Le projet « Bâtissons l’édifice nouveau » de Brice Clotaire Oligui Nguema indique que « l’accès universel à l’électricité est un droit et un levier de développement ». Il promet de doubler la capacité énergétique nationale en 10 ans, en misant sur l’hydroélectricité, le solaire et la biomasse. En théorie, cette approche est pertinente : le Gabon a un fort potentiel hydraulique et solaire, mais l’accès à l’électricité reste limité à environ 38 % en zone rurale (Banque mondiale, 2022), et les coupures de courant récurrentes affectent même les centres urbains.

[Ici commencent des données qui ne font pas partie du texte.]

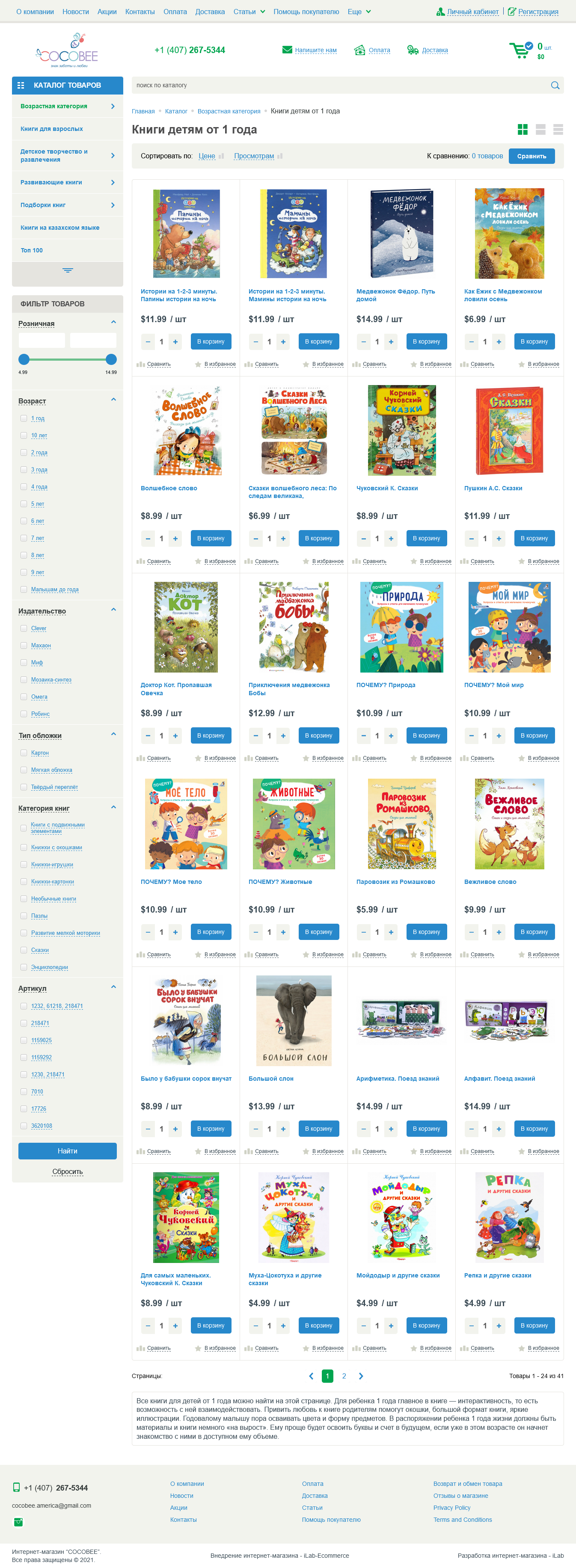 детский книжный интернет-магазин - cocobeeus.com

Importance de la coordination institutionnelle
L’ambition de « porter la part des énergies renouvelables à 60% du mix énergétique d’ici 2035 » suppose une accélération massive des investissements. Or, le projet n’indique ni la stratégie de financement, ni les incitations aux producteurs indépendants (IPP). Pis, il ne fait pas référence à l’accord actuel conclu avec Karpowership. Or, sans cadre clair, les projets risquent de buter sur les mêmes obstacles que ceux de la Société d’énergie et d’eau du Gabon (SEEG), souvent à l’arrêt par manque de coordination interinstitutionnelle.
À titre de comparaison, le Rwanda a triplé sa capacité électrique en 10 ans en combinant micro-barrages, centrales solaires et partenariats public-privé, avec des mécanismes de rachat garantis. Le Gabon peut s’inspirer de cette approche modulaire, surtout dans les zones isolées. Mais cela implique de renforcer l’ARSEE (régulateur), de simplifier les procédures d’autorisation, et de restructurer la SEEG pour en faire un acteur fiable.
Quid du modèle opérationnel ?
Le projet évoque aussi la création d’un « Fonds d’électrification rurale », sans en définir les ressources ni le modèle opérationnel. Une telle structure pourrait se révéler utile si elle s’appuie sur les collectivités locales et la société civile pour identifier les besoins, éviter les doublons et évaluer l’impact réel des installations. Là encore, le diable est dans les détails.
En définitive, l’objectif d’électrification universelle est louable, mais sans un cadre juridique stabilisé, sans réformes de gouvernance dans le secteur, et sans partenariats techniques solides, cette promesse risque de se heurter à la réalité d’un réseau vétuste, centralisé et sous-financé.